» TASK BRIEF
Pictures should be left out while the data beneath this task is written out word for word.

####################

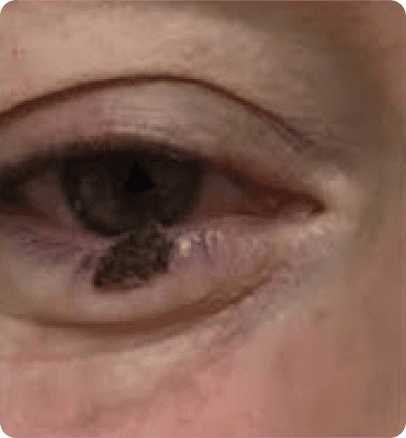 Before — case 9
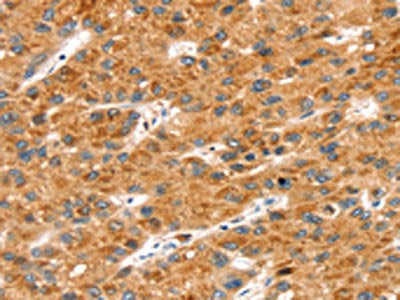 SOX11 Antibody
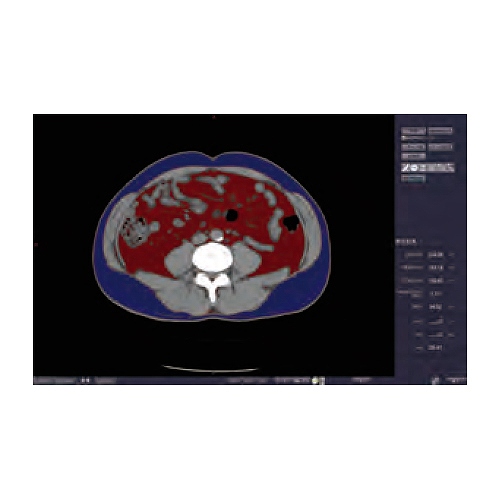 CT体脂肪測定 | 映像情報Medical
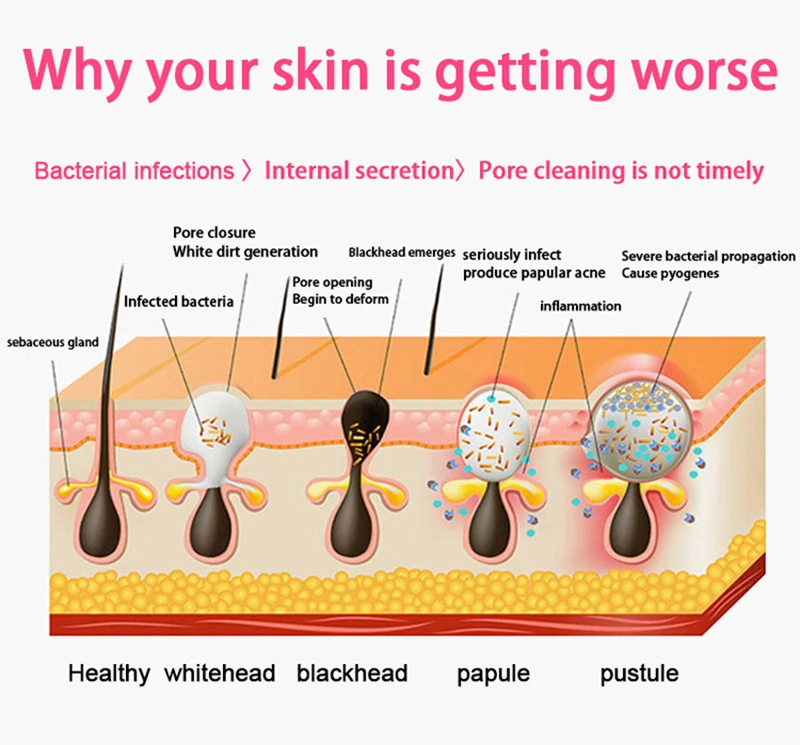 Blackhead Remover Blackheads Remover Pimple Acne Vulgaris Removal Vacuum Suction Removing Blackheads Pore Cleaner Pro Tool USB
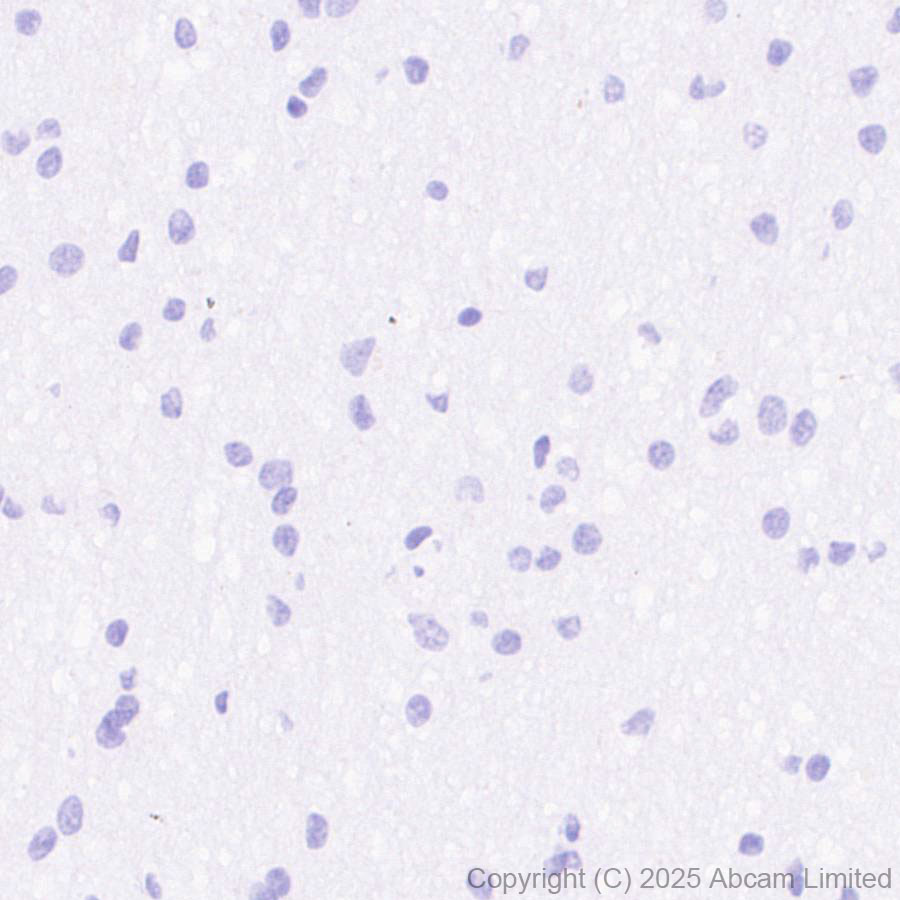 Immunohistochemistry (Formalin/PFA-fixed paraffin-embedded sections) - Anti-ErbB3 / HER3 (phospho Y1289) antibody [EPR28708-19] (AB323861), expandable thumbnail
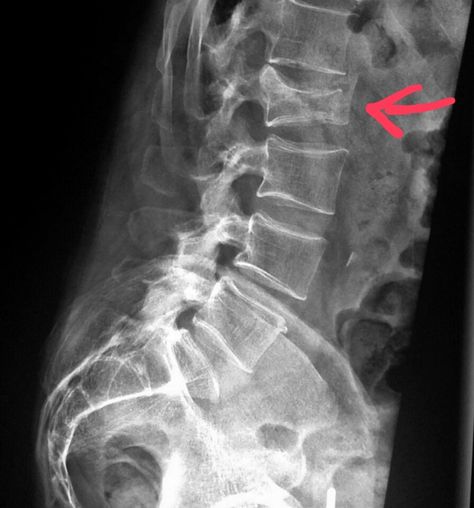 #Lumbar #spine #xray shows a #compression #fracture in an #elderly #patient who #fell. #radiologist #radiology #trauma #pain #injury Lumbar Spine Xray, Spine Xray, Spine Injury, Pro Football Teams, Lumbar Spine, Buddha Image, Coors Light Beer Can, Radiology, X Ray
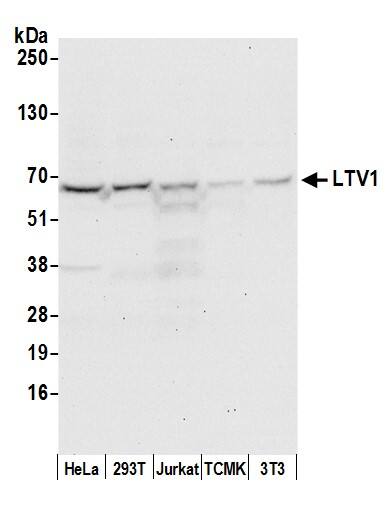 Western Blot:[NBP3-29172]-Detection of human and mouse LTV1 by western blot. Samples: Whole cell lysate from HeLa, HEK293T, Jurkat, mouse TCMK-1, and mouse NIH 3T3 cells prepared using NETN lysis buffer. Antibody: Affinity purified rabbit anti-LTV1 antibody used for WB at 0. 1 µg/ml. Detection: Chemiluminescence with an exposure time of 30 seconds.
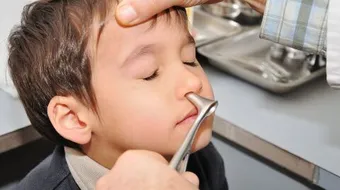 ما هو علاج احتقان الأنف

####################

» SOLUTION FOR THIS EXERCISE
 Before — case 9
 SOX11 Antibody
 CT体脂肪測定 | 映像情報Medical
 Blackhead Remover Blackheads Remover Pimple Acne Vulgaris Removal Vacuum Suction Removing Blackheads Pore Cleaner Pro Tool USB
 Immunohistochemistry (Formalin/PFA-fixed paraffin-embedded sections) - Anti-ErbB3 / HER3 (phospho Y1289) antibody [EPR28708-19] (AB323861), expandable thumbnail
 #Lumbar #spine #xray shows a #compression #fracture in an #elderly #patient who #fell. #radiologist #radiology #trauma #pain #injury Lumbar Spine Xray, Spine Xray, Spine Injury, Pro Football Teams, Lumbar Spine, Buddha Image, Coors Light Beer Can, Radiology, X Ray
 Western Blot:[NBP3-29172]-Detection of human and mouse LTV1 by western blot. Samples: Whole cell lysate from HeLa, HEK293T, Jurkat, mouse TCMK-1, and mouse NIH 3T3 cells prepared using NETN lysis buffer. Antibody: Affinity purified rabbit anti-LTV1 antibody used for WB at 0. 1 µg/ml. Detection: Chemiluminescence with an exposure time of 30 seconds.
 ما هو علاج احتقان الأنف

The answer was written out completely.